== Dataset excerpts

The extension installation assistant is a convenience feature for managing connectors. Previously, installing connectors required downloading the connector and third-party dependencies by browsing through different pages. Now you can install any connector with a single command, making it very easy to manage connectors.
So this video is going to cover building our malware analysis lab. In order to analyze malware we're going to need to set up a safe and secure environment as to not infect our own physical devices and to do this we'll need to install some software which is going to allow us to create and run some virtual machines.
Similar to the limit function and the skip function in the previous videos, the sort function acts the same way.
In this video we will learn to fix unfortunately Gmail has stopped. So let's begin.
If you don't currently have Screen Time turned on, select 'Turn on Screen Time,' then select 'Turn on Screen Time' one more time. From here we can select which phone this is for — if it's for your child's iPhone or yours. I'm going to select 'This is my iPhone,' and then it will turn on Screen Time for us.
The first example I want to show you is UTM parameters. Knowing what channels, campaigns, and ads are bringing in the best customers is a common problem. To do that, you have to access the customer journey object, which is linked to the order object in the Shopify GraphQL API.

====
== Dataset excerpts

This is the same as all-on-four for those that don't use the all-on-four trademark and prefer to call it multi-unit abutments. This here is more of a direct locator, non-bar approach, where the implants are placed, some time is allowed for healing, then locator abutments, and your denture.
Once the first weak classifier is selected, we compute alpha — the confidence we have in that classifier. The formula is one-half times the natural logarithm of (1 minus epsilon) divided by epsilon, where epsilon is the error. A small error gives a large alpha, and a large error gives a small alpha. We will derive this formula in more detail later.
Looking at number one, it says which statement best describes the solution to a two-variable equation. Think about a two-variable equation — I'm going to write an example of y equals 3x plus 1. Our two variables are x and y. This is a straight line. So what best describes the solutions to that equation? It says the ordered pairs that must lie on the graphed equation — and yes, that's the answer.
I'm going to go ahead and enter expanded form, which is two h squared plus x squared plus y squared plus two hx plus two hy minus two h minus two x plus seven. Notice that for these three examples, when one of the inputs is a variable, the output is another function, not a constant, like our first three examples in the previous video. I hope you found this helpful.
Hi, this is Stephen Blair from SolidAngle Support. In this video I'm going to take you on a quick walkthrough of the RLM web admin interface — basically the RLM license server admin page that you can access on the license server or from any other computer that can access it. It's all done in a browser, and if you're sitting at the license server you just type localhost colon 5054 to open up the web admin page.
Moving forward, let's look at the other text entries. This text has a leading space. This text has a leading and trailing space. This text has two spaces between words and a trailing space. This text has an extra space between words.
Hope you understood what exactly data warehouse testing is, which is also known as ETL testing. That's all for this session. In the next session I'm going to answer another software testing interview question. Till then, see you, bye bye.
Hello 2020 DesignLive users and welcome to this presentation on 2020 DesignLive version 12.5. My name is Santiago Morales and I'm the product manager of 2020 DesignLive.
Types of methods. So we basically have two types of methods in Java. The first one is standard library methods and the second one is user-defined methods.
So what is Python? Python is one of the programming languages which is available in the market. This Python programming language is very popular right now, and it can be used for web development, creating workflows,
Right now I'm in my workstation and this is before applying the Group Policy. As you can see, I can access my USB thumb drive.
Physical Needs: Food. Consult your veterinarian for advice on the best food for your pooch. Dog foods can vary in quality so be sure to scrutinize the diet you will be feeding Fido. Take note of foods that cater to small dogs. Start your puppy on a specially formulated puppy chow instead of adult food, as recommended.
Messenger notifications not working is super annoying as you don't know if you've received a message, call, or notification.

====

◆ Work item
In the listing above, find the line with "Types of methods." and the line with "Messenger notifications not"; set down exactly those two lines and every line between them, nothing more.

◆ Result for this exercise
Types of methods. So we basically have two types of methods in Java. The first one is standard library methods and the second one is user-defined methods.
So what is Python? Python is one of the programming languages which is available in the market. This Python programming language is very popular right now, and it can be used for web development, creating workflows,
Right now I'm in my workstation and this is before applying the Group Policy. As you can see, I can access my USB thumb drive.
Physical Needs: Food. Consult your veterinarian for advice on the best food for your pooch. Dog foods can vary in quality so be sure to scrutinize the diet you will be feeding Fido. Take note of foods that cater to small dogs. Start your puppy on a specially formulated puppy chow instead of adult food, as recommended.
Messenger notifications not working is super annoying as you don't know if you've received a message, call, or notification.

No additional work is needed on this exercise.